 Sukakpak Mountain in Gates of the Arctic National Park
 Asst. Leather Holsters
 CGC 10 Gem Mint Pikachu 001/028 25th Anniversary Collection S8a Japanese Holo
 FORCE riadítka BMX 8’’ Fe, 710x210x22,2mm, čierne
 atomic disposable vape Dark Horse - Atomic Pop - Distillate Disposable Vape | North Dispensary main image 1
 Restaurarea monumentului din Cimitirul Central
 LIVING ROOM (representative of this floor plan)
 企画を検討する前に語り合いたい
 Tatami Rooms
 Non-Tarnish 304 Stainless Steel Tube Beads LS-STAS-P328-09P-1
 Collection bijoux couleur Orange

◆ ◆ ◆ ◆ ◆

Return exactly the lines in the records above, beginning with the one that holds "企画を検討する前に語り合いたい" and ending with the last.

 企画を検討する前に語り合いたい
 Tatami Rooms
 Non-Tarnish 304 Stainless Steel Tube Beads LS-STAS-P328-09P-1
 Collection bijoux couleur Orange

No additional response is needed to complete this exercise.